Пример: приехал Мао Цзэдун к Хрущеву. И Хрущев предложил ему осудить Сталина. Мао – отказался. Раз китайцы хвалили Сталина, то в дальнейшем не могут его ругать, поскольку при этом теряют лицо.
Китайцы разорвали отношения с Советским Союзом, поставили себя в невыгодное экономическое и военно-стратегическое положение только потому, что мы диктовали им потерю лица. А они не могли на это пойти. Как же они должны смотреть на нас после перестройки и шоковых реформ? Как они смотрят на людей, сдавших Наджибуллу и Хонеккера, говорящих о "выволакивании" Ленина из мавзолея и об "эпохе совкового бреда"? В Китае считают, что это люди, потерявшие лицо. А люди, потерявшие лицо, для них не люди.

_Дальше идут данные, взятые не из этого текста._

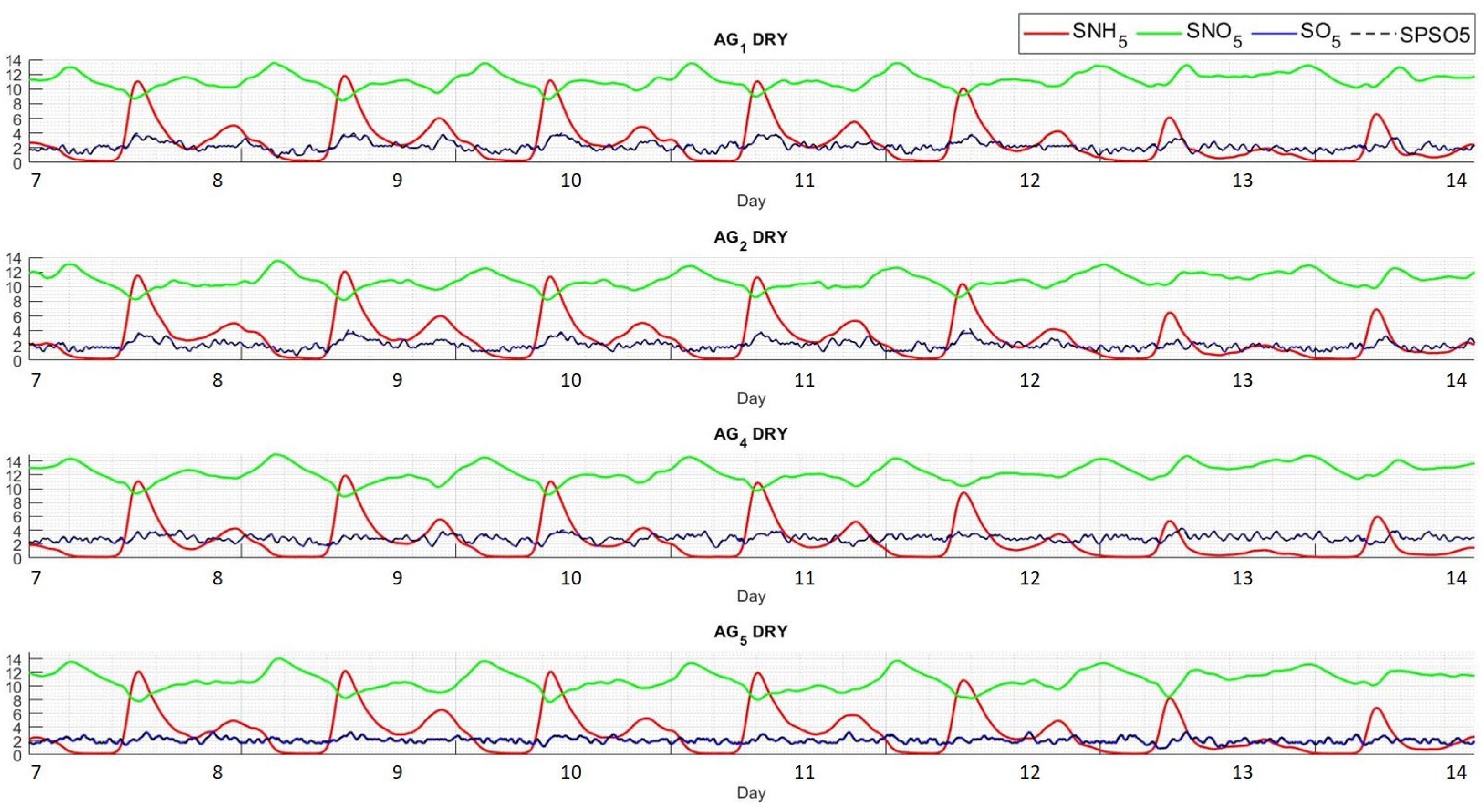 Processes 11 02269 g016 Processes 11 02269 g016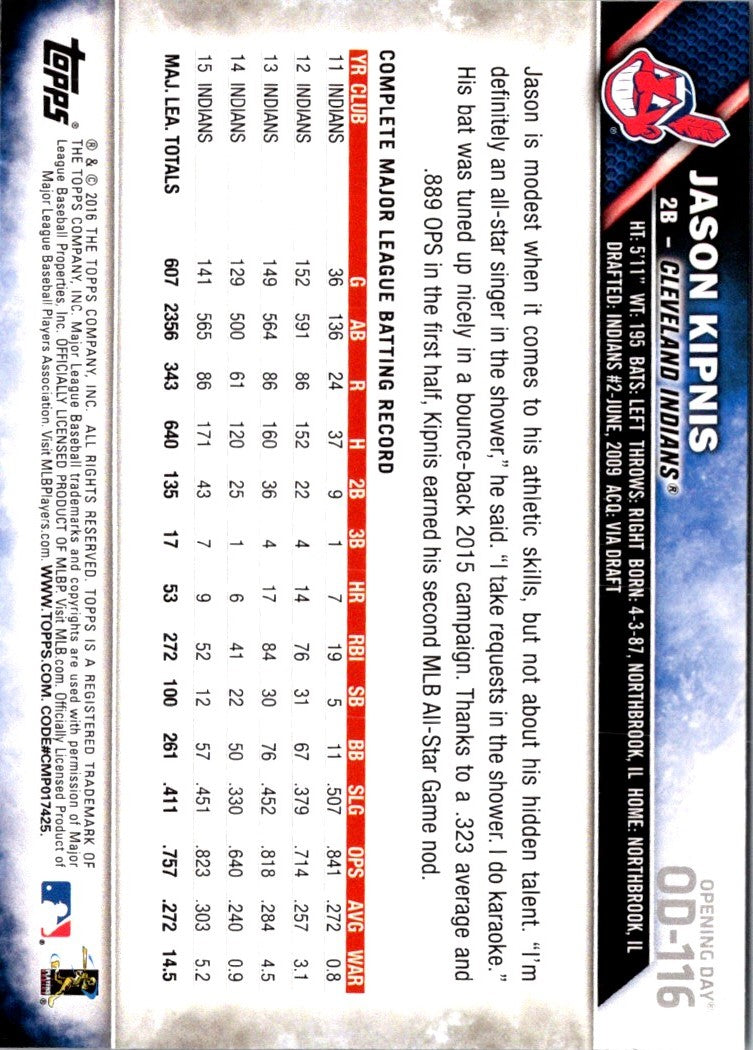 2010 Topps Pro Debut Jason Kipnis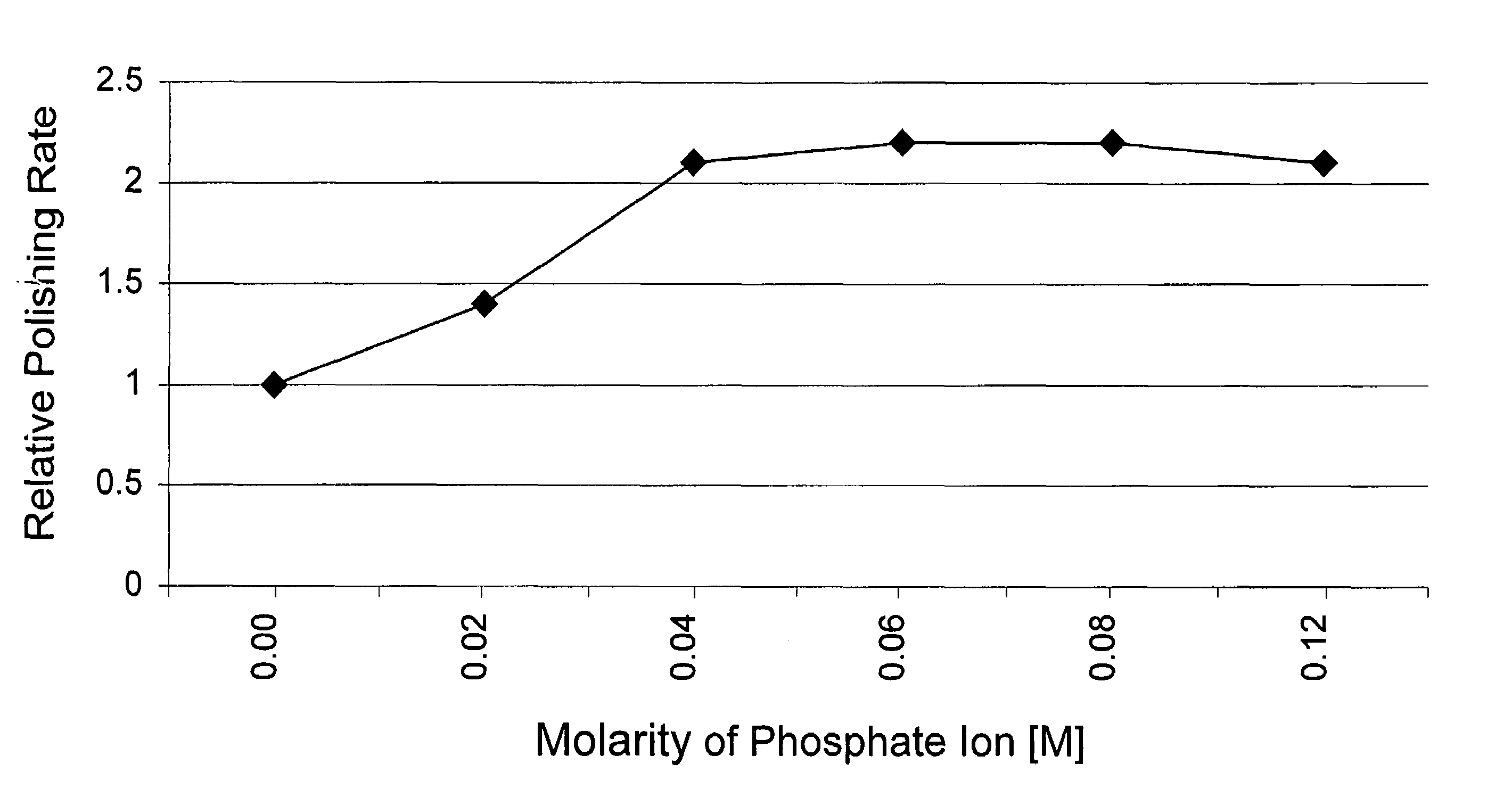 Method for polishing a memory or rigid disk with a phosphate ion-containing polishing system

Поэтому наш "российский субстрат" никто не собирается вводить в будущую китайскую империю. Да и зачем, если населения более чем достаточно? Туда будут вводить территории, вековые леса и другие ресурсы.
Значит, ни в какой "китайский дом" России войти не удастся.
Кроме того, русские как нация не умеют жить в чужом "доме". За исключением эмиграции, представители которой хорошо входят в чужие "дома", – но поодиночке. Русские всегда создавали свой "дом". До Чингисхана этот вопрос еще не был поставлен, а после него происходило это гигантское собирательство своего "дома".
Русские не понимают, как им жить в чужом "доме" – западном или восточном. Они перебирают либо с унижением, либо с обидой. Они не понимают, что невозможно одновременно войти в чужой дом – и при этом "остаться при своих". То есть, не принять правил этого дома и "жить своим уставом".
Да и быстро возникающие новые этажи системы противоракетной обороны, образ России как "империи зла", новой криминальной страны и многое другое, – все это говорит о том, что никто не собирается вводить русских ни в какой "западный дом".
Но иллюзии – сохраняются. После мюнхенской речи Путина российской элитой круто дан "обратный ход". Начинается все более жесткая цензура в отношении любого "милитаризованного" высказывания. Заявлено "нет" холодной войне.
Недавно на элитном семинаре, где обсуждалась "война трубопроводов", я услышал: "Что это за лингвистика? Какие-то "войны"? Забудьте навязанное нам слово "война"! Нам, российской элите, не нужна война". После короткой дискуссии сошлись на слове "взаимодействие".
После этого я спросил: "А что вы собираетесь делать с монографиями и учебниками по нефтяным проблемам, где всюду говорится о "нефтяной войне"? Что вы собираетесь делать с учебниками по менеджменту, где говорится о финансовой войне? Или об информационной войне? Ведь это учебники американских и английских вузов! Ведь нельзя в Лондоне и где-нибудь еще преподавать, не говоря о нефтяной войне, и не потерять лицо!"